Abstract

Purpose :Elevated arterial lactate concentrations in patients with sepsis have been interpreted as evidence of peripheral, nonpulmonary tissue hypoxia. These patients often develop pulmonary failure manifested by the acute respiratory distress syndrome (ARDS). As the result of tissue hypoxia or inflammation, the lungs of patients with sepsis and ARDS may become a source of lactate release into the circulation. Materials and methods :Pulmonary lactate release was measured in 19 patients with sepsis, arterial lactate ≥2.2 mm, and gastric mucosal pH > 7.30. A normal gastric mucosal pH served as a marker of adequate splanchnic oxygenation. Pulmonary lactate release was computed as the product of the cardiac index and the difference in plasma L-lactate concentration in simultaneously obtained arterial and mixed venous blood samples.
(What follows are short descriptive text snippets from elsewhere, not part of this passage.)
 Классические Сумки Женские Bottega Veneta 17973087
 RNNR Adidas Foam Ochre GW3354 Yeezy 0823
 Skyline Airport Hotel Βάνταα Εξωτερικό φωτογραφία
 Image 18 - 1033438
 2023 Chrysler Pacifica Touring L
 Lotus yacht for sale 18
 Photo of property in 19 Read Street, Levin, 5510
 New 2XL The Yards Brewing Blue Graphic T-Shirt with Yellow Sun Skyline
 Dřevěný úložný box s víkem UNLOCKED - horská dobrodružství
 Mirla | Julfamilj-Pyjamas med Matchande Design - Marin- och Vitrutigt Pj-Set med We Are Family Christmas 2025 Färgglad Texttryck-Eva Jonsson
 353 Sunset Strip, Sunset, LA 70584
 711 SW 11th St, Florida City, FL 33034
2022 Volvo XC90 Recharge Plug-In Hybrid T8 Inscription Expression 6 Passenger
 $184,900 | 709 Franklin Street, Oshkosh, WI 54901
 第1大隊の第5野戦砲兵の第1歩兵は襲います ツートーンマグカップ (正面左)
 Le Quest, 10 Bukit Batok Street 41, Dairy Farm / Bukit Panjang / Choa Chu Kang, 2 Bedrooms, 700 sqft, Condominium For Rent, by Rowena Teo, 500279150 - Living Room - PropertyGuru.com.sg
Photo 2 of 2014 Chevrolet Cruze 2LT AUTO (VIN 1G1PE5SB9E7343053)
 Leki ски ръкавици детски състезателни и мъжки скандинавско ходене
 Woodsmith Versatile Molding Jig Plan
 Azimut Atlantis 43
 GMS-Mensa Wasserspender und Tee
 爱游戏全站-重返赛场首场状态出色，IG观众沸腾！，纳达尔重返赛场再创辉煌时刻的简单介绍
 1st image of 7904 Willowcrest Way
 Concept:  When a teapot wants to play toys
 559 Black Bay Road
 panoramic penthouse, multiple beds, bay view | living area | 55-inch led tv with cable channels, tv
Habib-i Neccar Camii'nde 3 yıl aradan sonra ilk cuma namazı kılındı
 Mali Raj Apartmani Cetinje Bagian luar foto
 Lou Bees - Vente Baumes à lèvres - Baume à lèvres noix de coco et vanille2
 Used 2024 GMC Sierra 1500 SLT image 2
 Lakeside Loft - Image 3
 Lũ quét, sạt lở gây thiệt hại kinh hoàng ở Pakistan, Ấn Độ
Lung injury was graded with the Lung Injury Score using radiographic and physiologic data. Results :The lungs of patients with minimal or no lung injury (lung injury score <1) produced significantly less lactate than those with moderate or severe lung injury (lung injury score ⩾1) ( P < .005). The Lung Injury Score ] correlated with pulmonary lactate release r 2 = .73; P < .0001). This relationship resulted primarily from increases in mixed venous-arterial lactate differences (r 2 = .59). The Lung Injury Score correlated weakly with the cardiac index (r 2 = .32). Arterial lactate concentration did not correlate with pulmonary lactate release, systemic oxygen transport, or systemic oxygen consumption. Conclusions :The lungs of patients with sepsis and ARDS may produce lactate. Pulmonary lactate release correlates with the severity of lung injury. The contribution of pulmonary lactate release should be considered when interpreting arterial lactate concentration as an index of systemic hypoxia.